In terms of international finance, these are huge moves, particularly for emerging economies. With the rise of globalization, loans of all varieties—corporate, individual, inter-governmental—are now made across national boundaries and across currencies. As currencies shift into new relative value ranges, the payment terms of these loans shift to follow, meaning that Swiss loans to Euro-funded nations are now 12.6% more expensive than they were three months earlier.

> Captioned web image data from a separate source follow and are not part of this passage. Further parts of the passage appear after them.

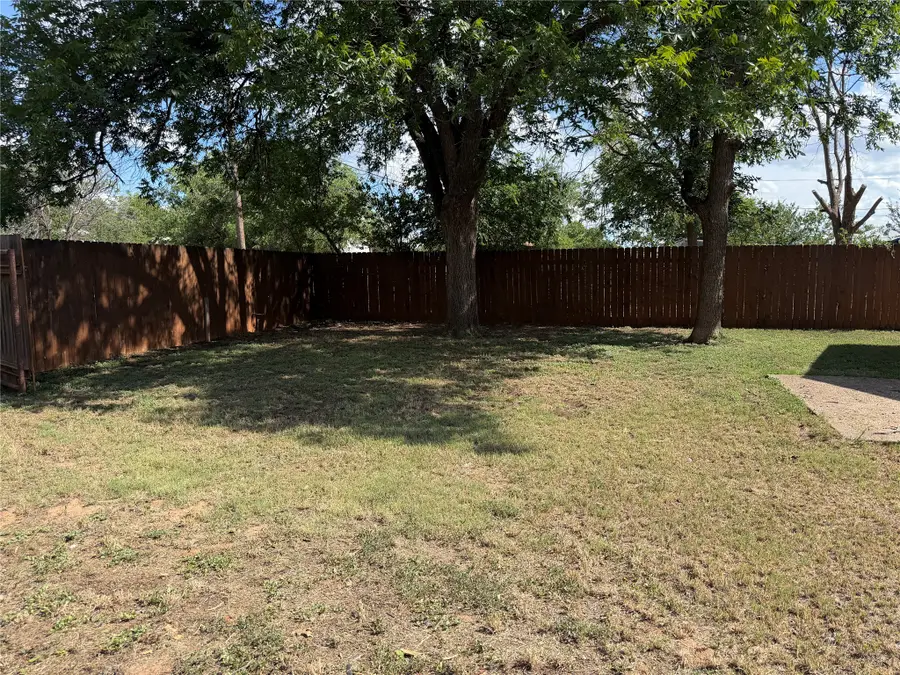901 Ash, Merkel, TX 79536 - #3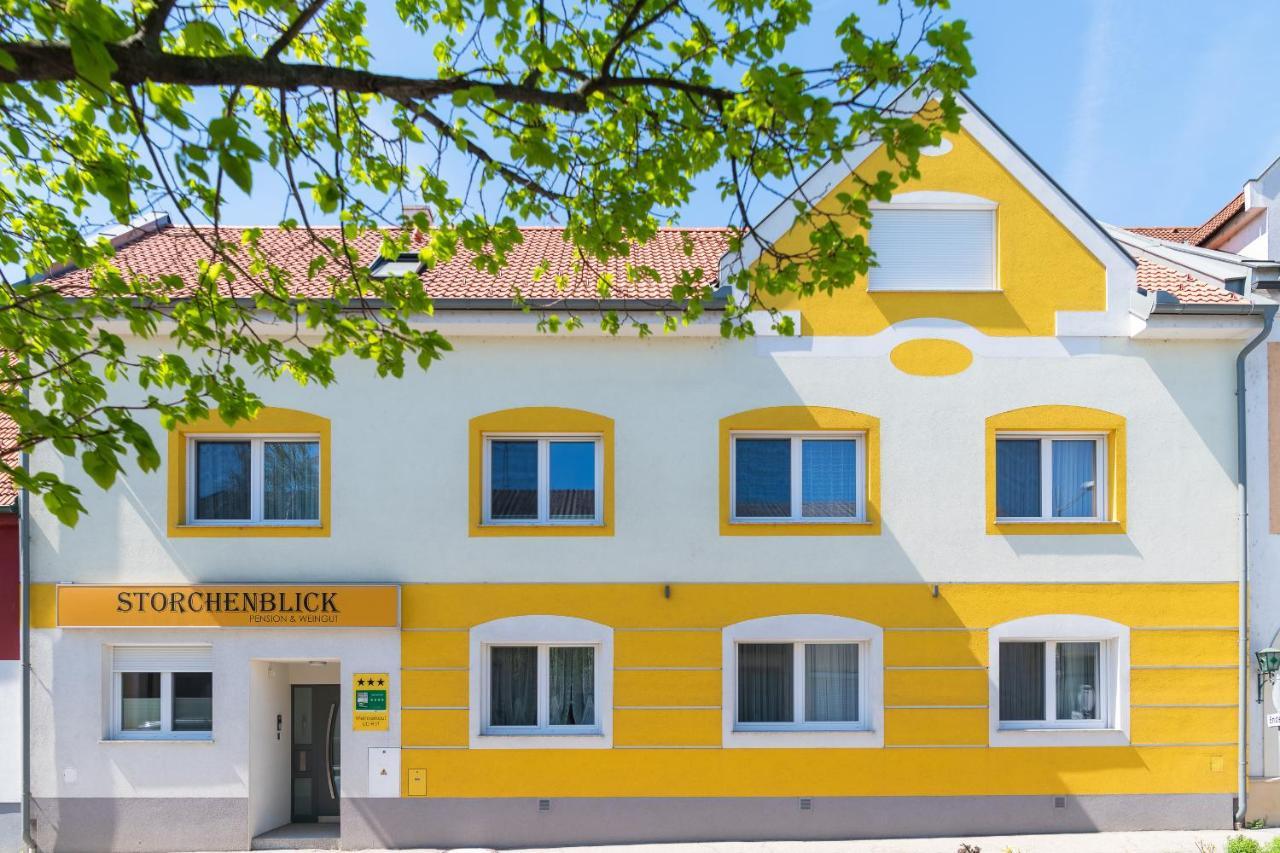 Pension & Weingut Storchenblick 伊尔米茨 外观 照片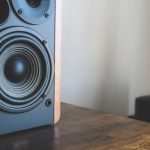 Hoe vloerstaande speakers onderdeel worden van uw interieur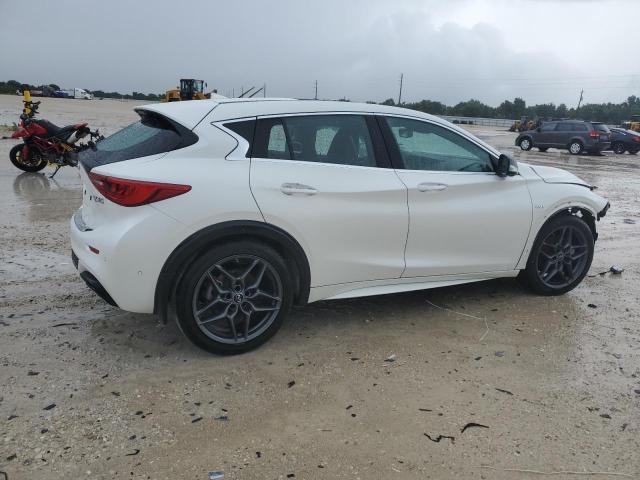 Photo 2 VIN: SJKCH5CP6JA053063 - INFINITI QX30 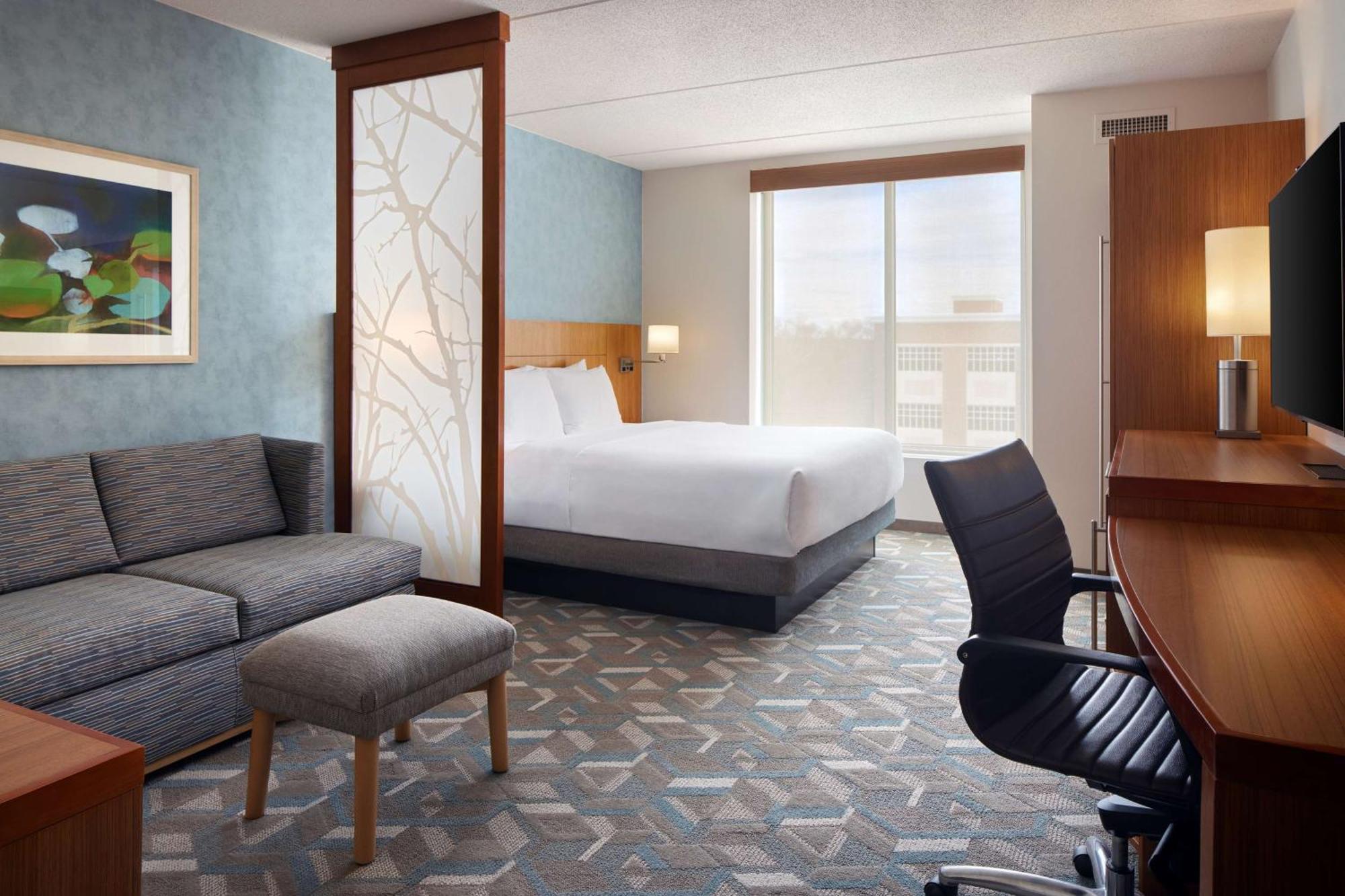 Hyatt Place Fredericksburg At Mary Washington Bagian luar foto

Current estimates place 90% of all Hungarian mortgages written since 2006 in Swiss francs. With the Hungarian forint down 17%, these mortgages are ballooning in cost just as their adjustable-rate counterparts did in the U.S. when the Fed raised the prime interest rate. The financial world already knows the rest of that story. Rather than waiting for the rush of defaults and foreclosures both corporate and domestic, the International Monetary Fund, European Central Bank and World Bank loaned Hungary 20 billion Euros (US$25.5 billion) on October 29. Loans to Ukraine, Pakistan, Iceland and other nations are following quickly.
But similar circumstances in Romania, Bulgaria, Serbia, Lithuania, Latvia, Croatia, Poland, Slovakia, Belarus and the Czech Republic mean the second round of the financial crisis may be happening across the Atlantic. Even worse, the story is repeated in parts of Asia and in Central and South America. All told, a total of US$4.7 trillion in loans cross these international borders, and Western European banks hold three-quarters of those notes, an amount that dwarfs U.S. banks’ exposure in the first round of that crisis. In Austria alone, bank exposure to these notes is 85% of national gross domestic product and in Switzerland it’s 50%.
Steve Forbes may believe the worst is over. Europe doesn’t necessarily agree.